Immediata la risposta social di Panatta. “Leggo che Pietrangeli si è risentito perché in una intervista avrei detto che sono stato l’unico ad aver vinto il Roland Garros. Nicola guarda che ho detto o intendevo dire l’ultimo, non mi sono mica rincoglionito. Però ammazza quanto sei permaloso… Ti voglio bene“
Il blitz alla Domenica Sportiva nel 1978
Tutto ebbe inizio nel 1978, durante una ormai celebre puntata della Domenica Sportiva, in onda sulla Rai. Nel corso di un’intervista al giovane tennista romano, che stava parlando del ruolo di capitano all’interno della squadra di Davis, Nicola Pientrangeli fece irruzione nello studio, tra la sorpresa dei presenti e lo sbigottimento dello stesso Panatta. Le immagini lo testimoniano.
“Adriano era un fratellino, poi mi ha tradito”
Nel 2023, in un’intervista al Corriere della Sera, Pietrangeli torna sul rapporto con Panatta. “Per me, figlio unico, Adriano era il fratello più piccolo che non avevo mai avuto. Per questo nel 1978 ho sofferto così tanto per il suo tradimento. Nel 1975 in Davis erano usciti al primo turno. Con me capitano vinsero nel 1976, prima e unica volta nella storia, e arrivarono in finale nel 1977. Poi ci fu il processo staliniano.
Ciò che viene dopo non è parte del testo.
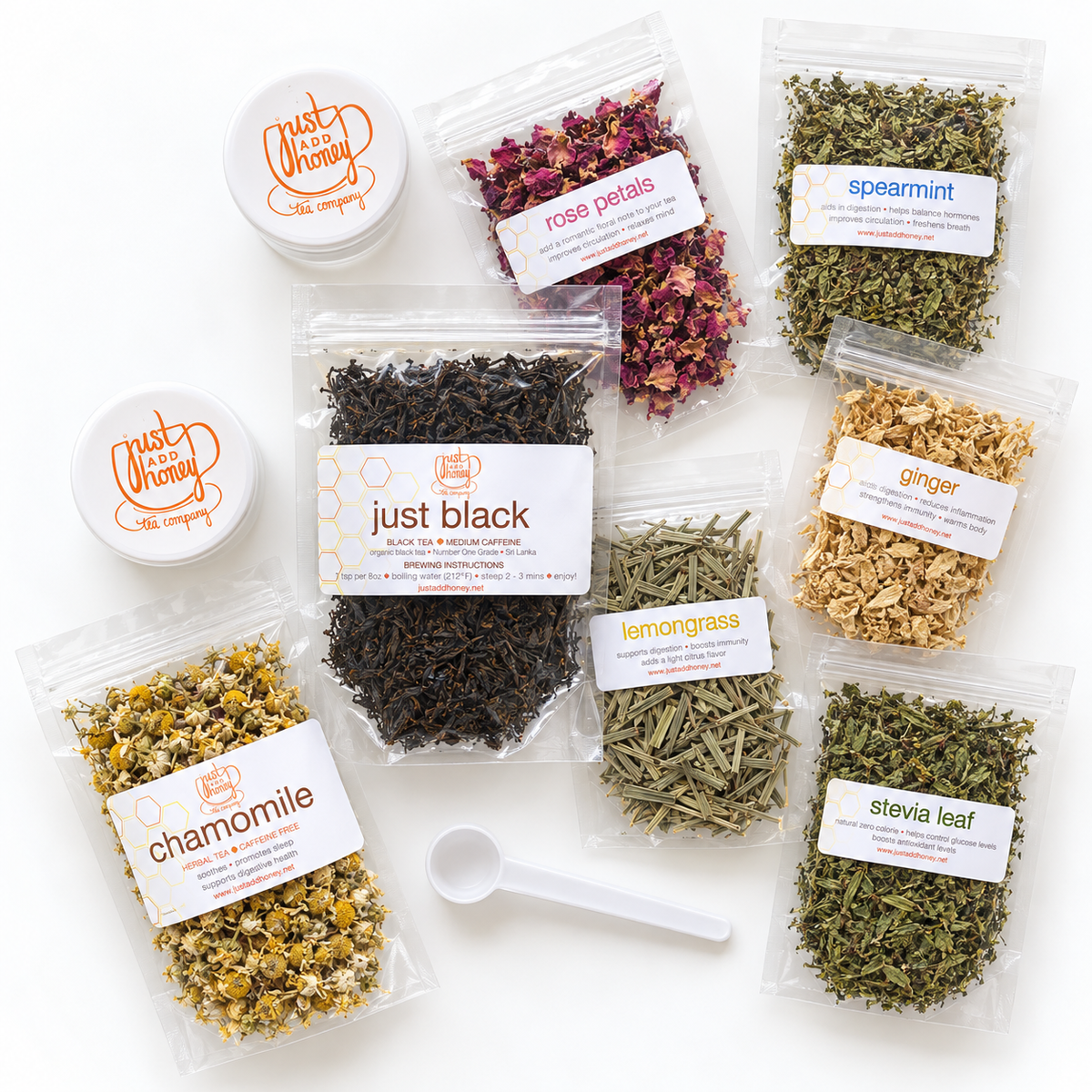 DIY tea kit of two loose leaf teas, five various herbs, teaspoon, and storage containers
Mi convocano al Jolly Hotel di Firenze. Un plotone d’esecuzione: il presidente federale Galgani, Belardinelli, Panatta, Bertolucci, Barazzutti, Zugarelli. Tutti zitti. “Allora, che c’è?”. Comincia Bertolucci: “Nicola, noi non proviamo più per te quello che provavamo prima”. La mia risposta? Mi alzo e dico andate tutti affanculo, e me ne vado“.
Pietrangeli non era soddisfatto neanche della docu-serie gioiello trasmessa dalla Rai “Una Squadra“, sulle imprese della Davis di quegli anni. “Tecnicamente bellissima. Ma piena di bugie. Adriano in particolare poteva essere più sincero. Nessuno ha riconosciuto che la squadra l’ho costruita io. Panatta e Bertolucci da una parte, Barazzutti e Zugarelli dall’altra: mangiavano, si allenavano, correvano per proprio conto. Panatta diceva di Barazzutti cose tremende, lo chiamava la scimmia. La Davis l’hanno vinta loro; ma non mi riconoscono che sono potuti andare in Cile solo grazie a me”.
In un’altra occasione, durante la trasmissione “Donne sull’orlo di una crisi di nervi” su Rai 3, Pietrangeli aveva rincarato la dose: “Adriano l’ho visto nascere, mi ricordo benissimo quel luglio del 1950. Tra di noi ci divertiamo, anche se molta gente pensa che lo facciamo apposta. Ultimamente ci vediamo poco visto che lui vive a Treviso, ma abbiamo un certo feeling e ci capiamo. Non ho mai detto che ero più forte di lui. Dico solo che bisogna vedere la carriera di uno sportivo dai risultati, non dalla simpatia. Mi hanno detto ‘sai quanti tornei ha vinto Panatta?’ Io non lo sapevo, ma mi pare che fossero 14 o 16. Io invece ne ho vinti 48, c’è una piccola differenza”.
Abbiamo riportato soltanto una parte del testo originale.